Two of three former prosecutors facing arrest over role in 2013 graft probe had left Turkey early Monday

Turkey: Ex-prosecutors facing arrest cross into Armenia

ARTVIN, Turkey

 Two of three former Turkish prosecutors facing arrest for a graft probe they had allegedly conducted in 2013 have crossed into Armenia via Georgia, a Turkish official said Tuesday.

Zekeriya Oz and Celal Kara, who, according to Istanbul police, had left Turkey for Georgia early Monday, "later crossed into neighboring Armenia," Artvin Governor Kemal Cirit told Anadolu Agency without providing additional details as to the source of intelligence. 

An Istanbul court had ordered Monday the arrest of Oz, Kara as well as Mehmet Yuzgec, who were dismissed for misconduct over their alleged involvement in a 2013 graft probe targeting Turkey's senior government officials.

"Oz and Kara left Turkey via [Artvin's] Sarp Border Gate [with Georgia] at 3.46 a.m. [0046GMT], and 04:19 am Monday respectively, long before the arrest order," Cirit said, adding that an investigation has been launched into the incident.

The court's decision Monday came several hours after Bakirkoy Chief Public Prosecutor's office demanded that arrest warrants be issued for the ex-prosecutors, who are accused of "forming an organization to commit crime" and "attempting to overthrow the government by use of force".

In December 2014, the three prosecutors were suspended in an investigation into their alleged role in the anti-graft probe the previous year against several high-profile figures, including the sons of three former government ministers and leading Turkish businessmen.

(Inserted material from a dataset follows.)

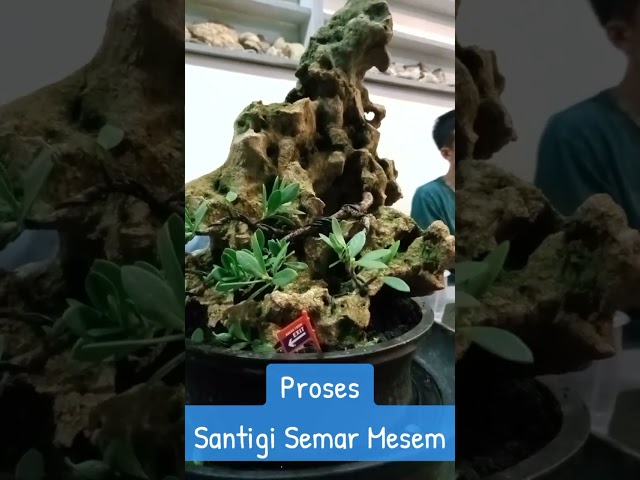 Semar Mesem...#bonsai #bonsaitree #bonsaiindonesia #bonsaipemula class=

The three were dismissed in May 2015 in accordance with an article that states that judges and prosecutors are to be dismissed from duty if their acts damage the honor of their profession and of the reputation of their public post.

The government had denounced the 2013 probe as a "dirty plot" constructed by the U.S.-based preacher Fethullah Gulen’s movement and his alleged "parallel state" -- a purported group of Turkish bureaucrats and senior officials embedded in the country's institutions, including the judiciary and police, who are allegedly trying to undermine the Turkish government.